Thursday, January 20, 2011

Children of the Hydra's Teeth - Part Three

I have an 16mm print of "Jason & The Argonauts".  The one time I screened it, the film was absolutely beautiful as though it had only been run once or twice before and was kept in pristine condition.

HD is great, a bigger jump than VHS to DVD.  DVDs, for all their positives need to be properly produced otherwise they wind up full of artifacting and compression issues.  Not to sound like an old codger, but man oh man, nothing times a well projected film.  Even 16mm.

When we last left Jason, he was standing in shock as he watched the Children of the Hydra's Teeth pop from the earth.






This is followed by a close up of the "villain" King Aeetes.

Villain in quotes.  One thing that is very clear in the film -again great scriptwriting -is that Aeetes is merely defending his kingdom.  The true villains are the gods who use their powers to play games with Men.

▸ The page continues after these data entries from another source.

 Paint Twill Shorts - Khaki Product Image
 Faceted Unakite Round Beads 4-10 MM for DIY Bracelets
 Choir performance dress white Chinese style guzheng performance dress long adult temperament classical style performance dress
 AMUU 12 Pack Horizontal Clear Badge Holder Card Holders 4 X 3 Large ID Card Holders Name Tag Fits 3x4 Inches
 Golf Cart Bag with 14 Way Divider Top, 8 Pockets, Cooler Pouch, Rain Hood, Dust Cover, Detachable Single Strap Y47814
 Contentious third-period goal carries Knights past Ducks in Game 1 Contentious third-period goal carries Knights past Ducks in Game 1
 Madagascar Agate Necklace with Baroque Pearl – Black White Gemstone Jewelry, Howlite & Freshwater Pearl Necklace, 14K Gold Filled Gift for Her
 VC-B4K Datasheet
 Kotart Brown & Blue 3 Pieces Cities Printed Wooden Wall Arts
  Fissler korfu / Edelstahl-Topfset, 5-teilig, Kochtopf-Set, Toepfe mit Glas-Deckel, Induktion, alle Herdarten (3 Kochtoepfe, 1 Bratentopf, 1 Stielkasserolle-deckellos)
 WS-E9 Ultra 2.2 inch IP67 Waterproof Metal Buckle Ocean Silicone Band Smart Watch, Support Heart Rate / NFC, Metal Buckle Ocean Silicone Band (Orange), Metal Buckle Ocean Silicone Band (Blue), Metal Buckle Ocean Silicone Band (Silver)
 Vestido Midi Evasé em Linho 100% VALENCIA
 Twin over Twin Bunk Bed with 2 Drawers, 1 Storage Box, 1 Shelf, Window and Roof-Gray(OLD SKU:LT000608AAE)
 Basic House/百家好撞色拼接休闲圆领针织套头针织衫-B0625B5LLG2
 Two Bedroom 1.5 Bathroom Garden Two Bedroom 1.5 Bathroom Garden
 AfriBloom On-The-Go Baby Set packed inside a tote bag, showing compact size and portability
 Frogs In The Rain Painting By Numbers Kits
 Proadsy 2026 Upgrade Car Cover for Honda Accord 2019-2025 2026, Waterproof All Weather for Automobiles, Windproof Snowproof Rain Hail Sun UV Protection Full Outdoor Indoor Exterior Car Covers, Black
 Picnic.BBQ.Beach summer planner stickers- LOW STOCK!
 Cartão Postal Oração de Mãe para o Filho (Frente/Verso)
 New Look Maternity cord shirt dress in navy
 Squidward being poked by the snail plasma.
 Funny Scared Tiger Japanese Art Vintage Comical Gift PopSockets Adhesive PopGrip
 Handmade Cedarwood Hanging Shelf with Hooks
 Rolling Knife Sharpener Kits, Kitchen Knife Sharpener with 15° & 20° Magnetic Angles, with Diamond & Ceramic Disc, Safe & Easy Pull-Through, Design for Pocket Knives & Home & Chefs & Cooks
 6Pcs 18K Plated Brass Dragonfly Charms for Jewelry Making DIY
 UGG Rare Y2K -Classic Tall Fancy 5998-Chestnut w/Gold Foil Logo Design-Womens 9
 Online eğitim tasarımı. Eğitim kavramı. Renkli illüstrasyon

Then cut back to the wideshot.  Again, this a rear project.  The live action was filmed first.  The stage was built to fit with the projected image of the live.  The animation was done (frame by frame) to match with the projected image and both were shot simultaneously to create the composite image.





Again, cut from wide shot with live and animation to close of animation only.


The skeleton warrior emerges and we cut back:


On the action, to our wide shot.

The skeleton begins to pop out in the close, his action finishes in the wide.


(and other)  This sort of thing is "Filmmaking 101", but all too often -especially in animation we see devices like this -cutting on an action -ignored.


Then, a cut to another of Jason's crew.  Tempo-wise, visually, this could have easily been another shot of Jason.  Storywise, we needed to be reminded that he's got some other guys with him.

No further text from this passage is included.